# Required work:
In the listing that follows, print every line exactly and leave the images out.

# Exercise data:
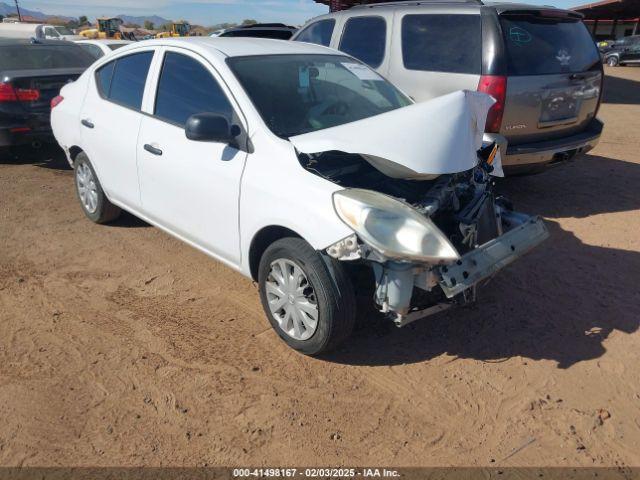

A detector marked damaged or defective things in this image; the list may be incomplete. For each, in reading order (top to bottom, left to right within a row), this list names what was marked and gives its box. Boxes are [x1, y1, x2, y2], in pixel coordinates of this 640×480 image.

damaged white sedan [51, 37, 552, 354]
cracked headlight [330, 188, 460, 262]
crushed front end [310, 146, 552, 326]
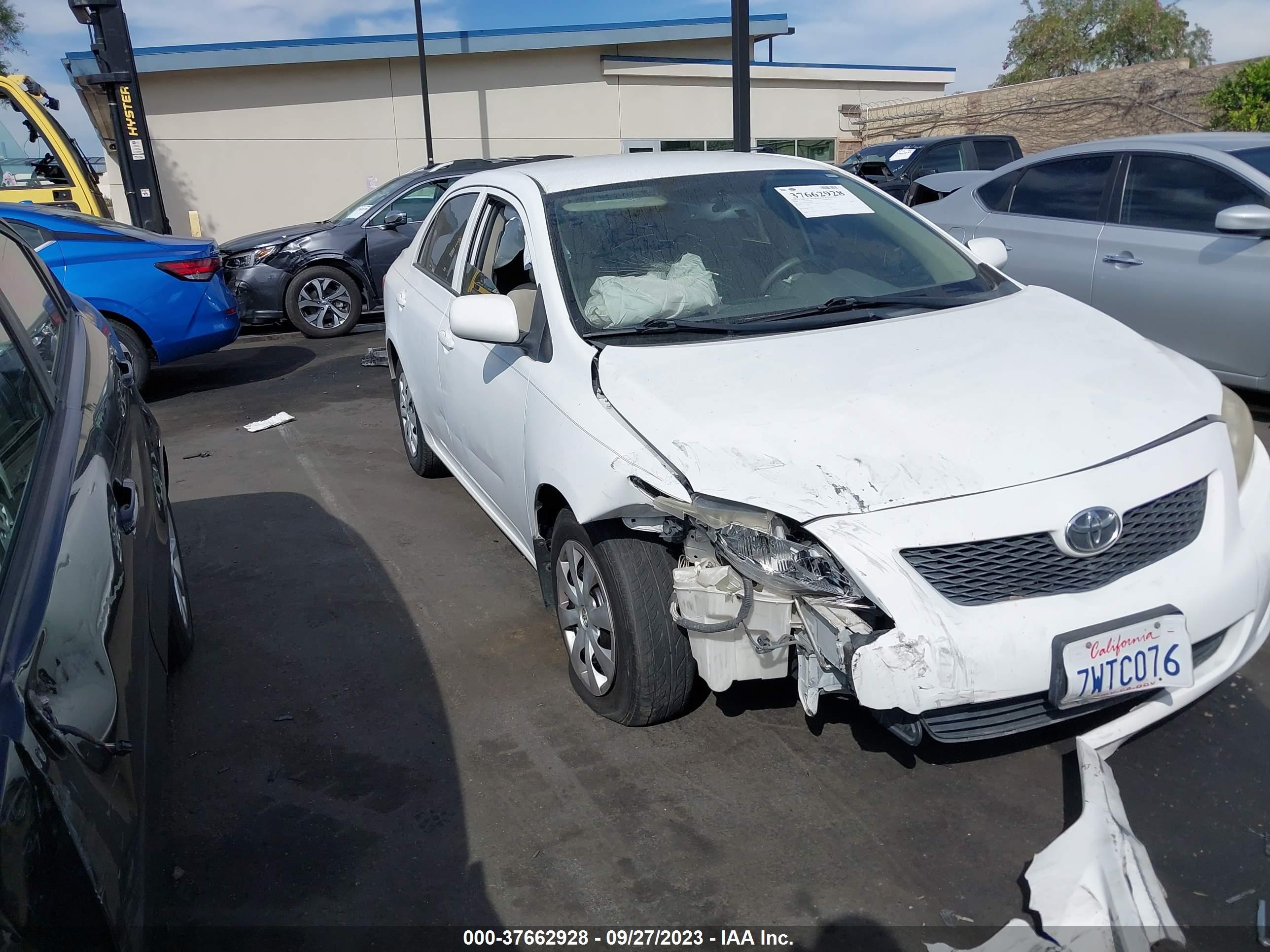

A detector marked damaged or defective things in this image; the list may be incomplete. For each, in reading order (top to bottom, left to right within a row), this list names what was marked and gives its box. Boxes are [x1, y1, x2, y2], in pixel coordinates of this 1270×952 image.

crumpled hood [221, 222, 335, 256]
deployed airbag [580, 254, 718, 327]
broken headlight [714, 520, 852, 595]
damaged white toyota corolla [387, 151, 1270, 753]
crumpled hood [596, 286, 1223, 520]
crushed front bumper [809, 424, 1262, 753]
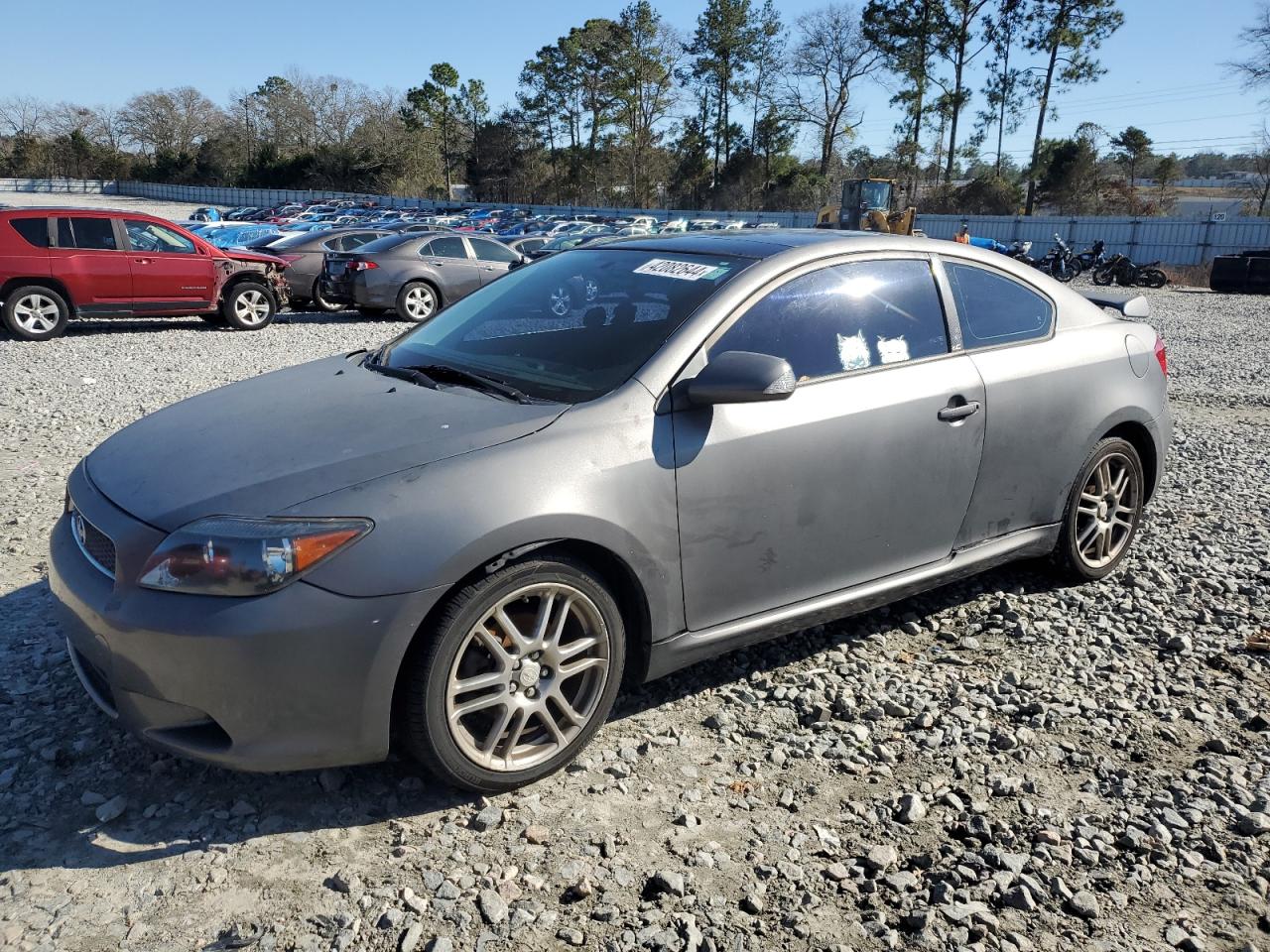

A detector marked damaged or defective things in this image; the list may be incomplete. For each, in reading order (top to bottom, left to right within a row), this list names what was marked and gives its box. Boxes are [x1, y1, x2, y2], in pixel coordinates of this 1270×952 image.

damaged vehicle [0, 210, 288, 341]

# Output below:
A detector marked damaged or defective things in this image; the list may be incomplete. For each, in reading order (top to bottom, left to right within a row), this list names what was marked and gives its box. Boxes are [x1, y1, x2, y2], in pixel coordinates of this 640×480 image.

damaged white sedan [51, 37, 552, 354]
cracked headlight [330, 188, 460, 262]
crushed front end [310, 146, 552, 326]

A detector marked damaged or defective things in this image; the list may be incomplete. For each, in reading order (top to bottom, left to right within a row), this list names what was marked and gives its box. Boxes are [x1, y1, x2, y2], in pixel coordinates of this 1270×952 image.

crumpled hood [221, 222, 335, 256]
deployed airbag [580, 254, 718, 327]
broken headlight [714, 520, 852, 595]
damaged white toyota corolla [387, 151, 1270, 753]
crumpled hood [596, 286, 1223, 520]
crushed front bumper [809, 424, 1262, 753]

A detector marked damaged or defective things in this image; the list may be incomplete. For each, in reading order (top to bottom, left to right within a row), this list names what was marked and gives its box. Boxes are [x1, y1, x2, y2], in pixel coordinates of this 1270×952 image.

damaged vehicle [0, 210, 288, 341]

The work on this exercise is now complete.